Tough regulations, weak markets and mounting legal bills from misconduct settlements are pressures forcing Deutsche Bank to take moves to axe unprofitable lines in order to boost earnings and make its balance sheets look trim. Days before, Deutsche Bank was fined $2.5bn by U.S and British authorities for obstructing regulators. Twenty-one people also face criminal charges.
Despite the fine, its Q1 revenue reflects a “strong performance across business and a favourable impact of foreign exchange movements,” the bank said in a statement. Revenue at the bank's asset management division was up 30% at €1.4bn, while revenue at the corporate banking arm rose 15% to €4.7bn. The $2.5bn fine by US and UK regulators related to Deutsche's attempts to manipulate the Libor and Euribor rates. At the end of March, the bank had €4.8bn set aside in litigation reserves.
Deutsche Bank’s strength lies in the trading interest-rates and credit products worldwide, for which it was recently ranked second by Bloomberg.
Postbank on the other hand has not proven as profitable as Deutsche Bank would have hoped.

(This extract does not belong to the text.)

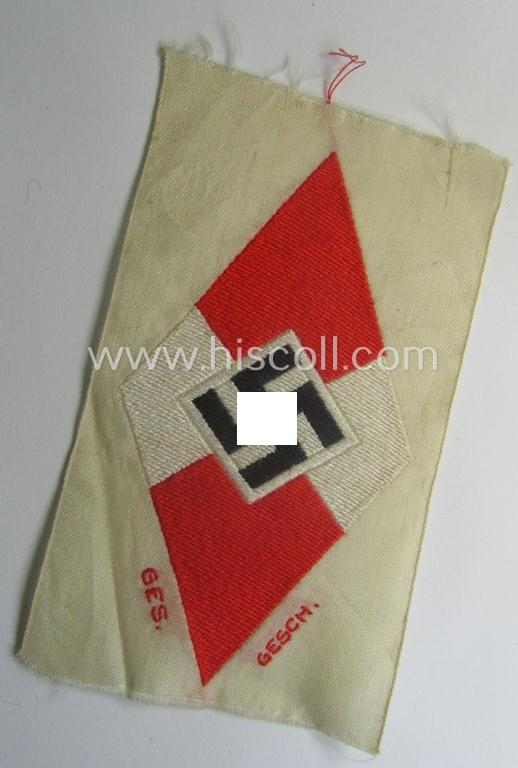 'Standard-issue'-pattern, 'Hitlerjugend'- (ie. 'Bund Deutsche Mädel) ie. HJ/BDM-related so-called: 'Ärmelraute' as executed in so-called 'BeVo'-weave pattern (being a never used- ie. 'virtually mint' example that is void of an 'RzM'-etiket)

By 2016, it would sale off Postbank, shedding off about some 10, 000 employees from its global employee numbers of some 98,000. Stiffer regulatory requirements and expectation that regulators would require increasing capital requirements made it imperative that Postbank be shed.
Investors worry though that 2020 is too far a time to wait; that is five years from now. Analysts believe those set targets are achievable. Deutsche Bank needs restructuring. What was left unsaid was how many jobs will be lost in that exercise or which countries it will exit. Latest reports have it that the bank is more interested in emerging markets but would not leave off its strategy of being a global lender. Spending for digital technology though is expected to be about €1 billion. Asset and wealth management divisions will expand by 10% a year until 2020 and the number of relationship managers will increase by 15% in key markets.